Monday, April 15, 2024

Hiroshi Teshigahara | おとし穴 Otoshiana (Pitfall) / 1962

the man in white

by Douglas Messerli

 

Kōbō Abe (screenplay), Hiroshi Teshigahara (director) おとし穴 Otoshiana (Pitfall) / 1962

 

Increasingly through the years, as I have watched the films of Hiroshi Teshigahara based on writings by Kōbō Abe, I have come to see him as one of the most innovative of Japanese film directors. In even his first feature film, Pitfall, which I saw the other day, I discovered a breathtaking work that brought politics into a kind of surrealist world, as an iterant miner and his young son get involved in Japanese union politics simply because Otsuka (Hisashi Igawa) is a dead-ringer for the union boss, representing Union 2, who has dared to defy the more dominant union boss from Union 1.

 


      The lookalike Otsuka is stalked and later killed by a man in a white suit (Kunie Tanaka) when he returns to an abandoned mine surrounded by a strange ghost-like mining town which now has only one woman shopkeeper (Sumie Sasaki) who seems to sell only candy and trinkets to the ghosts, like Otsuka, who occasionally appear at her doorstep.

     The odd mix-up of politics and ghost-stories is heightened by the modernist music of Toshi Ichiyanagi and Yuji Takahashi, and the sets, which present such a deep desolation that one might imagine himself suddenly transported into an ancient gold-mining town of the old West in the US. Here everything is gray and totally washed out, while the man in white and Otsuka’s son (Kazuo Miyahara)—murderer and hidden observer of all events, stand out in this ghostly landscape, the one because of his costume and determination, the other by his innocent beauty.



       The only other witness to the crime is the shopkeeper who is paid by the man in white to tell a false story, further incriminating the lookalike union leader and his opposing union head—even though, in reality, these two have worked carefully together to restrain any worker resentment.

      A bit like Billy Wilder’s Ace in the Hole, it is the reporters (particularly Kei Satō) who stir up events, suggesting to both union leaders that each other has plotted against one another.


       When the two union bosses determine to visit the old mine for evidence, they come across the body of the shopkeeper, who has now also been killed by the man in white, after being raped by a local policeman.

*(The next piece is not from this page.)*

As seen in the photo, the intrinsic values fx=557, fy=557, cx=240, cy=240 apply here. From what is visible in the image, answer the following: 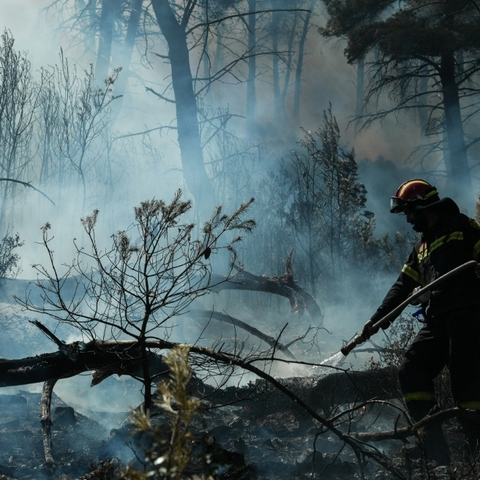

These men blame one another, eventually moving into a battle, which ends in both their deaths, while the ghosts of Otsuka and the shopkeeper look on, Otsuka desperately attempting to discover why he and the shopkeeper have both been killed.

       As an older ghost warns, there will be no easy answers and what he might discover will be even more disturbing than the facts—truths they gradually discover as the man in white jumps onto his motorcycle, suggesting that everything has worked out precisely as planned, before he rides off into the sunset.

      Perhaps the real “pitfall” here has not been a death in the dangerous mines, but Otsuka’s belief, despite his own nefarious attempts to make a living by operating in off-zone territories, that there is a single “truth.” At heart, he is an honest man, demanding that when his son steals a piece of candy from the shopkeeper that he pay for it.


     Strangely, it is only the son who might be able to tell the whole story, although he is too young to speak it or to even assimilate the events he has seen.

       And how might we account for the accidental “doublings” of appearance between Otuska and the Union 2 boss? Are they simply aspects of one another, a kind of earlier apparition of what the second Union boss was as a younger man? Clearly, they are twins of some sort, their lives intertwined in the mining world present and past. And why has the shopkeeper stayed on to serve a community which no longer exists. Both figures were ghosts even before they died.

      One can only imagine that perhaps the man in white is the future itself, a kind of Rod Serling-like figure who imposes the demands of the future upon the world of the past. If nothing else, with the murders of Otsuka and the shopkeeper the Old Union mine is now only a city of ghosts. No one is there any longer to even care for it—except, we presume, in the later memories of Otsuka’s wide-eyed son. We might even suggest that this haunting film might be his own story.

 

Los Angeles, February 3, 2019

Reprinted from World Cinema Review (February 2019).